How do photons travel at a speed that should be impossible to attain?
Massless particles don't need infinite energy to jump at $c$. Photons don't have rest mass as they don't interact with Higgs field.
What you have heard is applied only for mass. The whole thing works like this:
In relativistic physics, mass isn't constant. It is increased when its speed is increased. It is driven by this formula: $$m=\frac{M}{\sqrt{1-\left(\frac{v}{c}\right)^2}}$$ where, $m$ is relativistic mass, $M$ is rest mass, $v$ is speed.
So, at higher speed, we need higher energy to accelerate mass because it has been increased.

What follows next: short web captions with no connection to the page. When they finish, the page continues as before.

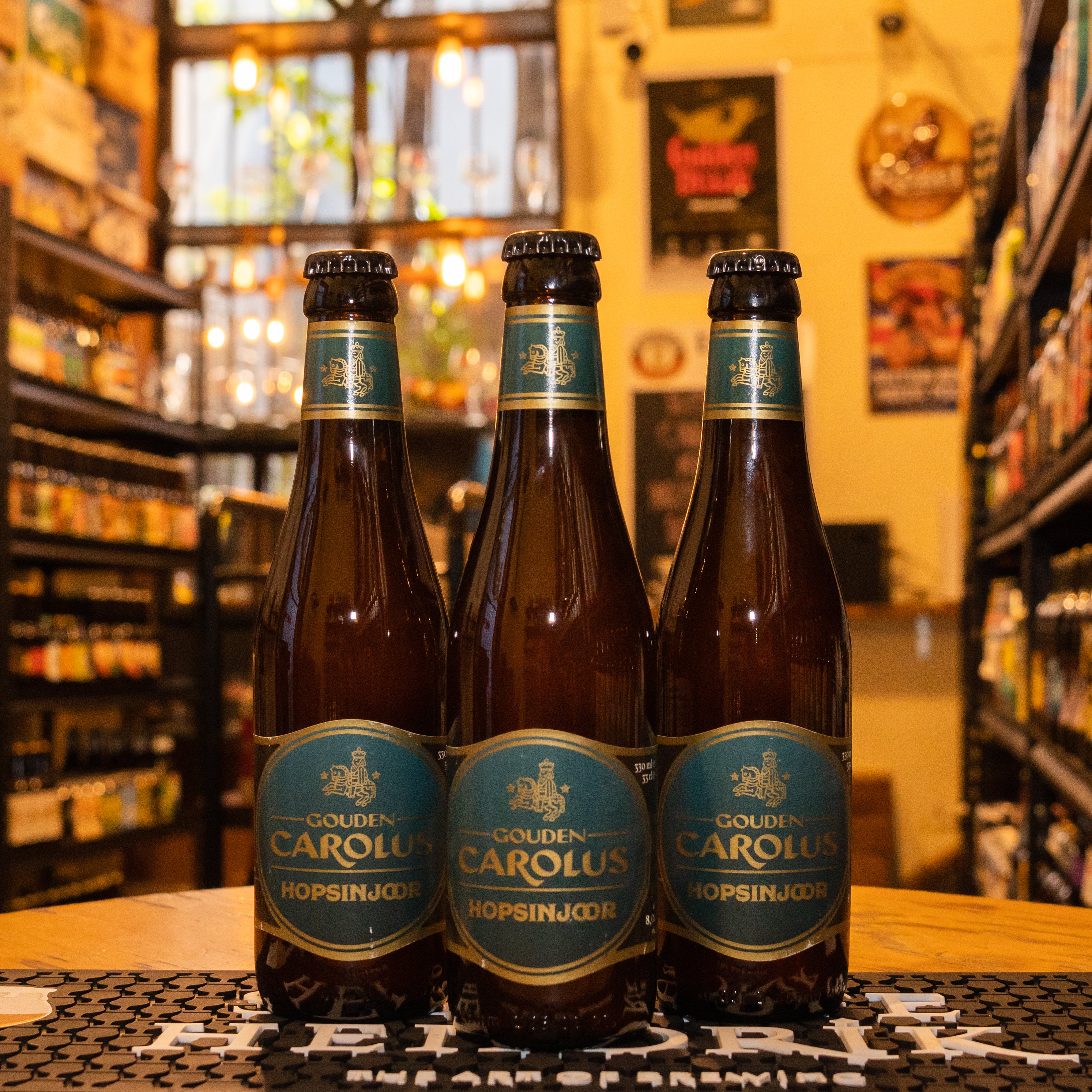 Botella de Gouden Carolus Hopsinjoor, una Belgian Pale Ale de Brouwerij Het Anker. La etiqueta presenta un diseño tradicional en tonos dorados y verdes, destacando su carácter lupulado. Con un ABV de 8.0%, ofrece aromas florales y cítricos con notas de frutas tropicales. Su sabor equilibra la dulzura de la malta y el amargor del lúpulo, con un final seco y refrescante. Ideal para acompañar quesos fuertes, platos de pescado y ensaladas.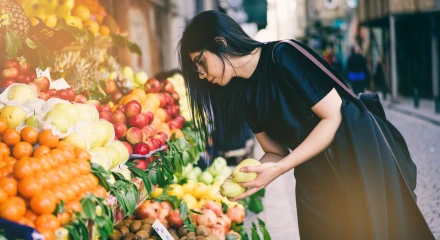 Young woman selecting fruit from a colourful market display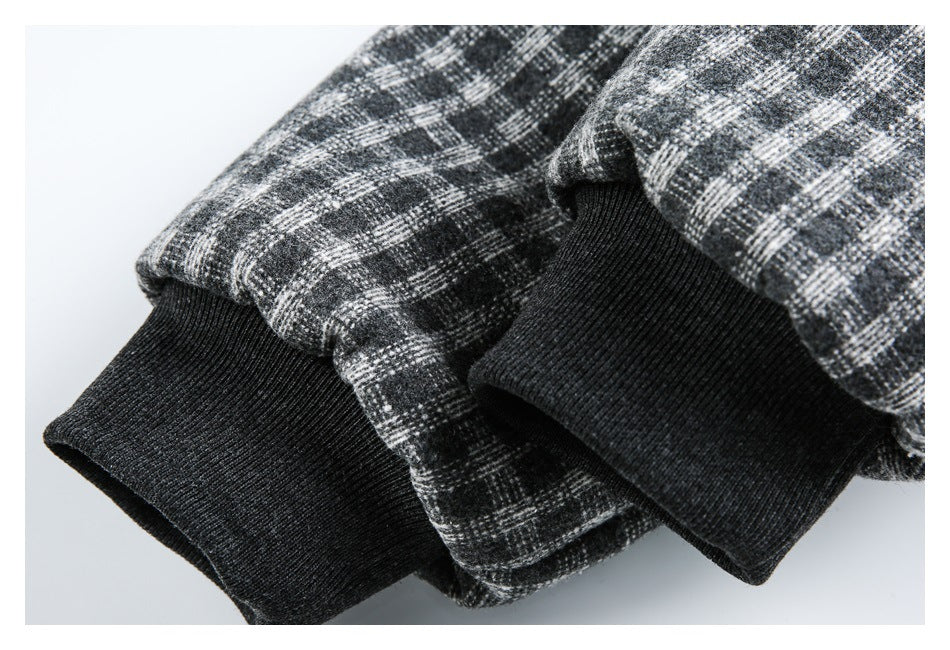 Close-up of black ribbed cuffs beside the charcoal and gray plaid jacket fabric.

In case of massless particle, let's apply this formula:
When $v$ is less than $c$: If you divide $0$ by a positive number, the result would be $0$. So, to accelerate $0$ relativistic mass particle, you wouldn't need energy. That's the reason why you can't find a massless particle at speed lesser than $c$.

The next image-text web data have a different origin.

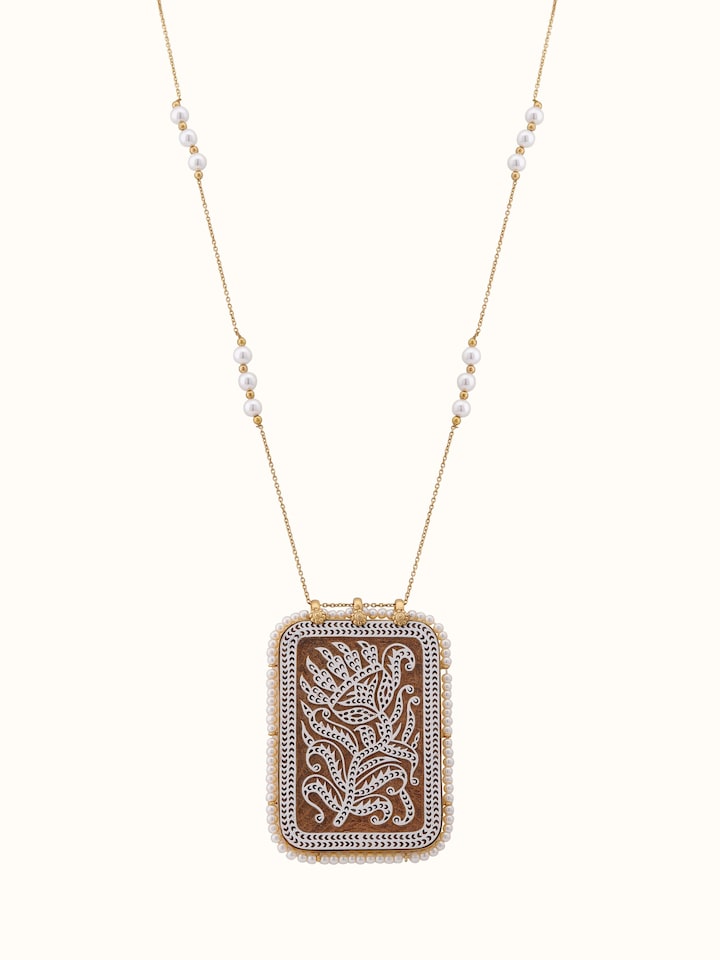 Front view of Wood Block Carving Long Necklace showcasing intricate wood block carvings and elegant design.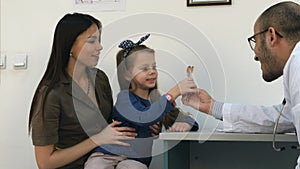 Young mother proud of her little girl and doctor giving her a lollipop after the exam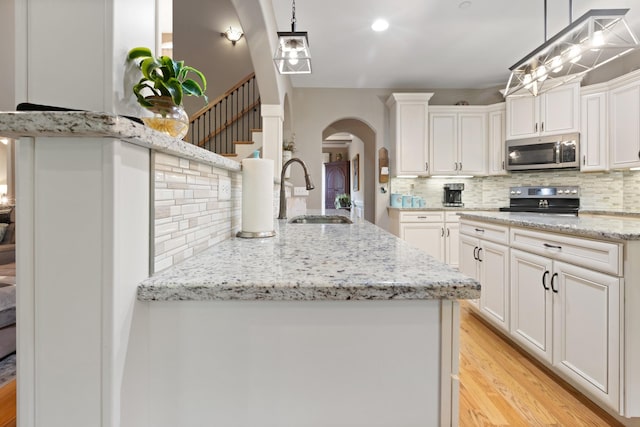 6288 Blacksmith Dr, Pleasant View, TN 37146 - kitchen with stainless steel microwave, a sink, electric range oven, and backsplash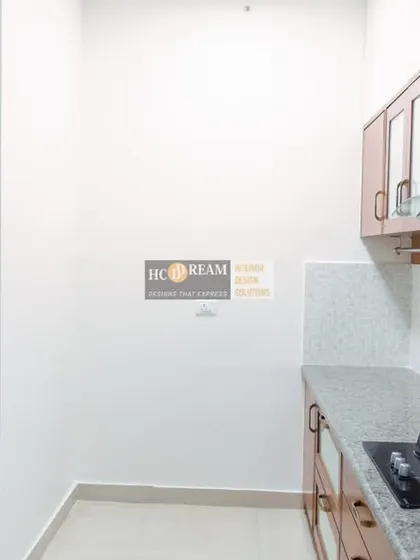 A compact and efficient kitchen from our Prestige Shantiniketan project. The warm wood cabinets and granite countertop create a classic and timeless look.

When $v$ is equal to $c$: Formula isn't valid because $0/0$ is not defined.
Note: While the answer is fine for general massless particle, it's not good for photons (ask relativistic physicists). Relativistic equations have $c$ due to the fact that it is a postulate of Einstein that photons already have this speed. So, it's not good for us to get to there in reverse.

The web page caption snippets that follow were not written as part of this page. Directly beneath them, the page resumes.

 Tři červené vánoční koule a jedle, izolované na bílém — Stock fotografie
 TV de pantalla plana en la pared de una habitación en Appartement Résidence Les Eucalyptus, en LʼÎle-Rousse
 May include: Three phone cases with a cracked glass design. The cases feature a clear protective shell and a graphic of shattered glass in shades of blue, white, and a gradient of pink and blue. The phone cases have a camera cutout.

So, answer for relativistic guys: Its framework for Relativistic Physics. We never needed to accelerate photons to $c$. It was already running at this speed.
If it requires infinite amount of energy to travel at the speed of light then how photon attains this speed
That's not quite right. You're thinking of the energy required to accelerate a massive object to $c$ which is impossible thus the infinity.
However, there is no reference frame in which photons are at rest. An object with speed $c$ in one frame has speed $c$ in all frames (thus the invariant speed).
According to special relativity
$$ \frac vc = \frac {pc}E = \frac {pc}{\sqrt{(mc^2)^2+(pc)^2}} $$
For $m=0$ we have $pc=E$ and thus $v=c$, whereas for $m\not=0$ we have $pc<E$ and thus $v<c$.